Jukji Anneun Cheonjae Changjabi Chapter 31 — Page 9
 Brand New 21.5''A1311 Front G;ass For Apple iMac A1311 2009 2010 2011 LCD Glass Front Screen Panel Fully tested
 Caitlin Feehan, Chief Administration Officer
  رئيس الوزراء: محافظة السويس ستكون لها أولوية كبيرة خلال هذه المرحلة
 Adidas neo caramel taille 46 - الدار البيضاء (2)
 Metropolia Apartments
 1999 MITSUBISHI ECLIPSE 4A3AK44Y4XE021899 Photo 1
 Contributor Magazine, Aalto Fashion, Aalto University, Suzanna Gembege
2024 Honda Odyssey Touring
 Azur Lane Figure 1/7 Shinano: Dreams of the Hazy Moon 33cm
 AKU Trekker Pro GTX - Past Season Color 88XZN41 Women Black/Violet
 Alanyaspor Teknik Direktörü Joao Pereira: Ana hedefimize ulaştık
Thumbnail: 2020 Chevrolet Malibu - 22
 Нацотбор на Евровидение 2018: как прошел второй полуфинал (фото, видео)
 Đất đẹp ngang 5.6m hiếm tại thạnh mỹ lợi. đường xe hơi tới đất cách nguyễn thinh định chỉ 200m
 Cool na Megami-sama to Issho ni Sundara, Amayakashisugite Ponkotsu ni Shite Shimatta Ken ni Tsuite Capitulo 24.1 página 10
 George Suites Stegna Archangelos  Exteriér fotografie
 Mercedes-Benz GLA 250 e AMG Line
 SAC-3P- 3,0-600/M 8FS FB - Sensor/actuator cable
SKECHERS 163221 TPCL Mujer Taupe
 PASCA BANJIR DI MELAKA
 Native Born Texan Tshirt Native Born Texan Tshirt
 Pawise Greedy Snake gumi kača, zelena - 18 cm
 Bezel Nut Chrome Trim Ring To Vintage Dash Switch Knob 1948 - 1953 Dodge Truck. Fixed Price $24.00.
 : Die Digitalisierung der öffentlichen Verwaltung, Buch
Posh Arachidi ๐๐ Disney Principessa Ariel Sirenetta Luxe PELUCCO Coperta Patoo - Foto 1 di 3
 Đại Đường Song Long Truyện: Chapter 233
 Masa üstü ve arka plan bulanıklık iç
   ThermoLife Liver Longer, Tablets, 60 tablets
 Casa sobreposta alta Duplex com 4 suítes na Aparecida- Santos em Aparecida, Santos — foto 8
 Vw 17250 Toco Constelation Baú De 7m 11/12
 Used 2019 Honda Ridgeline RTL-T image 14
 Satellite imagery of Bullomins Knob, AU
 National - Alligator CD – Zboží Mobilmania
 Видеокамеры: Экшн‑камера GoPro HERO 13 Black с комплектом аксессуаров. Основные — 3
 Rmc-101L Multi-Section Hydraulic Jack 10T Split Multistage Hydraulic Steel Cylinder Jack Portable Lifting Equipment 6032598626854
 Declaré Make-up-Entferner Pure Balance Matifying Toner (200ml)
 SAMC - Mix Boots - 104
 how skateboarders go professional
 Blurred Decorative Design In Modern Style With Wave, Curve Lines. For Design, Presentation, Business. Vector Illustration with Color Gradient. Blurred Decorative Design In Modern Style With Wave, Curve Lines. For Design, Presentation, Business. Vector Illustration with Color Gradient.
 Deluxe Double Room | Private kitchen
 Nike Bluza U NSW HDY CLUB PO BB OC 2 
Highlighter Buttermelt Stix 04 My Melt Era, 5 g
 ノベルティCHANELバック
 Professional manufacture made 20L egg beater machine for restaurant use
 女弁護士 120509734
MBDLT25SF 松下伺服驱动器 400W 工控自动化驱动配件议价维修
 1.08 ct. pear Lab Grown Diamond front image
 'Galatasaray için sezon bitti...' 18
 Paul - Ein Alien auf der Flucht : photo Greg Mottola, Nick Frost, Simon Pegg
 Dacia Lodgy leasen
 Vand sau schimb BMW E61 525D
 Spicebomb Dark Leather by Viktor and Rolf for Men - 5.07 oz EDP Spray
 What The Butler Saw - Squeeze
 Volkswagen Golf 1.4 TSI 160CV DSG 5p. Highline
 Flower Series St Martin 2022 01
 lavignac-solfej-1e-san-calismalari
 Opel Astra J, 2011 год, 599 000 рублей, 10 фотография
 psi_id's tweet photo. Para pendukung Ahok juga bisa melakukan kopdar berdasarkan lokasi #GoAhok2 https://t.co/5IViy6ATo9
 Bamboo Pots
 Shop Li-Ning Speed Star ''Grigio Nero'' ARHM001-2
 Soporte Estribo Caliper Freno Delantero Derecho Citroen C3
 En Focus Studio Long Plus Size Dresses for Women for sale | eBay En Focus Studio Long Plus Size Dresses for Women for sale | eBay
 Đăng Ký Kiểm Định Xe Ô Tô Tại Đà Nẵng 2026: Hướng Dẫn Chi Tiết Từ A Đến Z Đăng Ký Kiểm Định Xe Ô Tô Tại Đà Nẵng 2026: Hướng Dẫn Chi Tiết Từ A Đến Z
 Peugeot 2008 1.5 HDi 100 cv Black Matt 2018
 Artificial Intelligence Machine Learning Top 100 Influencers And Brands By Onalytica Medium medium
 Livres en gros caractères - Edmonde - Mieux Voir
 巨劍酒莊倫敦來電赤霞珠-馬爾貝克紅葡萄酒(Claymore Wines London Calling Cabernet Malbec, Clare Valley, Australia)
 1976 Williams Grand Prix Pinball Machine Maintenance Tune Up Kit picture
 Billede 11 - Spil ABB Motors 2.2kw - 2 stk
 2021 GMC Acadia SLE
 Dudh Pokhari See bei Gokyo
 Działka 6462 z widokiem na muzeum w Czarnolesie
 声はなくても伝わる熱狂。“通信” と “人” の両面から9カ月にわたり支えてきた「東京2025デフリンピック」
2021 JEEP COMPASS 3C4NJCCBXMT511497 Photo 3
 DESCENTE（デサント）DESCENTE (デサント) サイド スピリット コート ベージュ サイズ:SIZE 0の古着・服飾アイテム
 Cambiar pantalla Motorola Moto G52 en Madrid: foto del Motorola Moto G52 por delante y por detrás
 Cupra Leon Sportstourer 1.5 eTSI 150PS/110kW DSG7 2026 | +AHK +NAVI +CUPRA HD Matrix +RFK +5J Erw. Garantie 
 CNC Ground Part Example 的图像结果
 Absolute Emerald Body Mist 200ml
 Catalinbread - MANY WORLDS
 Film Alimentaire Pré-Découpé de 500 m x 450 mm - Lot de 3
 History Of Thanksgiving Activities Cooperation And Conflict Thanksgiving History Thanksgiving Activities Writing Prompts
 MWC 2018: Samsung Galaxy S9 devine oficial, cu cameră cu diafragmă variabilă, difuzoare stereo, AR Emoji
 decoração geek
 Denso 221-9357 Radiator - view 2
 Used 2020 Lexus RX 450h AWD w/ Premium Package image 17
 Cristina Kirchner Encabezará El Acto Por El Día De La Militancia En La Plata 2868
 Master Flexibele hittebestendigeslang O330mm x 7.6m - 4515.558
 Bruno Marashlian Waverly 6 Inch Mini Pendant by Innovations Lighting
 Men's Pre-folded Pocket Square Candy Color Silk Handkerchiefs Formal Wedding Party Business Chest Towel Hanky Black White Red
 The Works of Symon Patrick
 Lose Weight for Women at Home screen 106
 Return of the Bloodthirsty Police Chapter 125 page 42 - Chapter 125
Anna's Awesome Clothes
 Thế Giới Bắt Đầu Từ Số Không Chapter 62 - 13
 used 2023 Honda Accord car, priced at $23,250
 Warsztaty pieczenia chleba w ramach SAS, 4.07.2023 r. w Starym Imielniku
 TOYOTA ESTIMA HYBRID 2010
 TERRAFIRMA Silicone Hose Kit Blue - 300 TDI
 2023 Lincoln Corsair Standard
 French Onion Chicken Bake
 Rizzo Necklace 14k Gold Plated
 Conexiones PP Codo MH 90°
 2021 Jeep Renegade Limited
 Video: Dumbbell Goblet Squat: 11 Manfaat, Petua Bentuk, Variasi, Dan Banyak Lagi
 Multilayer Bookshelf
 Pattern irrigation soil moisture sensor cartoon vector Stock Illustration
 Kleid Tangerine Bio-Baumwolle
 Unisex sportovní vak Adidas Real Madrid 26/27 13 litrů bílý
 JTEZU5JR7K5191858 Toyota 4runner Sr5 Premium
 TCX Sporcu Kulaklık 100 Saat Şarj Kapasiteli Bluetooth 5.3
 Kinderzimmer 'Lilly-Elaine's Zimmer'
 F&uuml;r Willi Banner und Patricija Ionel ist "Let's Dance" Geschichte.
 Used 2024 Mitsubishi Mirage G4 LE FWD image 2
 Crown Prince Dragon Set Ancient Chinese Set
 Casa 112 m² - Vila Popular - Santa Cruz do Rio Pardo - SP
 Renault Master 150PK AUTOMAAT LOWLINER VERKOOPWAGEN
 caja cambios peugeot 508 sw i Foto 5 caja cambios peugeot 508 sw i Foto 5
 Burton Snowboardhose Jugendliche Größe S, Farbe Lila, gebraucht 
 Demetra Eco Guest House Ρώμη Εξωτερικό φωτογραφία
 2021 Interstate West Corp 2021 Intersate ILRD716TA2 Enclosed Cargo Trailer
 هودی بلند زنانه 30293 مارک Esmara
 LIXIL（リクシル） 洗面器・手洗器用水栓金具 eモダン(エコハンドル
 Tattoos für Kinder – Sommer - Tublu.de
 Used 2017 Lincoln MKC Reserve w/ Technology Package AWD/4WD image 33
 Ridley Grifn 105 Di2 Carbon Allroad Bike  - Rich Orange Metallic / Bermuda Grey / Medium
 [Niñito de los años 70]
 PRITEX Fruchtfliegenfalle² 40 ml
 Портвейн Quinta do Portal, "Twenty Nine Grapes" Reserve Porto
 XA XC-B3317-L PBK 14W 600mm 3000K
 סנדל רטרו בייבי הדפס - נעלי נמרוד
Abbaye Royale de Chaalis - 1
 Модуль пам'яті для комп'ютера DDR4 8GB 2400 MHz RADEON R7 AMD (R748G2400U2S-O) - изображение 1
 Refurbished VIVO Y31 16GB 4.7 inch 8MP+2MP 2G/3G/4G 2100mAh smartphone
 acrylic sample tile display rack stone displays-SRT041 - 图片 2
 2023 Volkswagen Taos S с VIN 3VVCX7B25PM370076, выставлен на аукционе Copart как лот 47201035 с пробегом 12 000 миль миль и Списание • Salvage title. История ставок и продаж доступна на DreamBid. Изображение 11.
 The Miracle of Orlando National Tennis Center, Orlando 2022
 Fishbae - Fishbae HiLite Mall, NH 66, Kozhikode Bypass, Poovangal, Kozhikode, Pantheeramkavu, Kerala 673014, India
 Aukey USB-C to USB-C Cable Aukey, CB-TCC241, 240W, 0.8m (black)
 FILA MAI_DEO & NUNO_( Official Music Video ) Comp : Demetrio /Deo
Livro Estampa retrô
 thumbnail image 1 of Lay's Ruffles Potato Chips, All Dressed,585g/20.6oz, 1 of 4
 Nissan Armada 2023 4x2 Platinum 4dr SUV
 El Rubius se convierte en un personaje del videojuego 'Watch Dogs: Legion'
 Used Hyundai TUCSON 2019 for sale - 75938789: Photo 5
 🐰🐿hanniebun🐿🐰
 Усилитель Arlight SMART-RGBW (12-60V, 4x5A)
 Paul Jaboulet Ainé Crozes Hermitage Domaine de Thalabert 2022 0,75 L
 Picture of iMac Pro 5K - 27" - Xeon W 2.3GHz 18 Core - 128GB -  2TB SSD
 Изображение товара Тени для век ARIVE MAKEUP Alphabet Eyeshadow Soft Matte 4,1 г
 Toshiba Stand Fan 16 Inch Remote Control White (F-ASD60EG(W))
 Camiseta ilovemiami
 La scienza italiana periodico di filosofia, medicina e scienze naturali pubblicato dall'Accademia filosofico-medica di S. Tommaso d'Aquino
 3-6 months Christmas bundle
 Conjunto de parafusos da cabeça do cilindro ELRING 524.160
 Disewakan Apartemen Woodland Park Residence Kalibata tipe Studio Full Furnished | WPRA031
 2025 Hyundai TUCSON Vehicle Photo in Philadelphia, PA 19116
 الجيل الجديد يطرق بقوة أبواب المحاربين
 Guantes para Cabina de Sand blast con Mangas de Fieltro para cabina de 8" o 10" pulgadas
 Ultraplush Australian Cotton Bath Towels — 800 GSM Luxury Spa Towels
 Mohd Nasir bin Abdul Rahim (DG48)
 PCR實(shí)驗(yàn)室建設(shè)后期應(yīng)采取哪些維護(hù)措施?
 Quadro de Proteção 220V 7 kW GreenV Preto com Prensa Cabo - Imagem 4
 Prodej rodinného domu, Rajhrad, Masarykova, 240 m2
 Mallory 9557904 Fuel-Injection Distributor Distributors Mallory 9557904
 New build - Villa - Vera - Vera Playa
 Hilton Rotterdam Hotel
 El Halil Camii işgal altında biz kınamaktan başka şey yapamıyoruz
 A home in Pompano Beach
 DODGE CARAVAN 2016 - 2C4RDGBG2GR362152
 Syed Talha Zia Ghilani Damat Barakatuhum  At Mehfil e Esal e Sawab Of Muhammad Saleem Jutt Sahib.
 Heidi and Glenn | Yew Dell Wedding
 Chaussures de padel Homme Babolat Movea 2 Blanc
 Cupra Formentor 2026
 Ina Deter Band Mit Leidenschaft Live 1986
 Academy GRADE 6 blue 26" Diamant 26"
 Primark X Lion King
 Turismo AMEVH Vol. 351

→ **The problem**
Only the lines from the one containing "Ridley Grifn 105" through the one containing "Refurbished VIVO Y31" are to be retyped, both boundary lines included, with no other material.

→ **Task output**
 Ridley Grifn 105 Di2 Carbon Allroad Bike  - Rich Orange Metallic / Bermuda Grey / Medium
 [Niñito de los años 70]
 PRITEX Fruchtfliegenfalle² 40 ml
 Портвейн Quinta do Portal, "Twenty Nine Grapes" Reserve Porto
 XA XC-B3317-L PBK 14W 600mm 3000K
 סנדל רטרו בייבי הדפס - נעלי נמרוד
Abbaye Royale de Chaalis - 1
 Модуль пам'яті для комп'ютера DDR4 8GB 2400 MHz RADEON R7 AMD (R748G2400U2S-O) - изображение 1
 Refurbished VIVO Y31 16GB 4.7 inch 8MP+2MP 2G/3G/4G 2100mAh smartphone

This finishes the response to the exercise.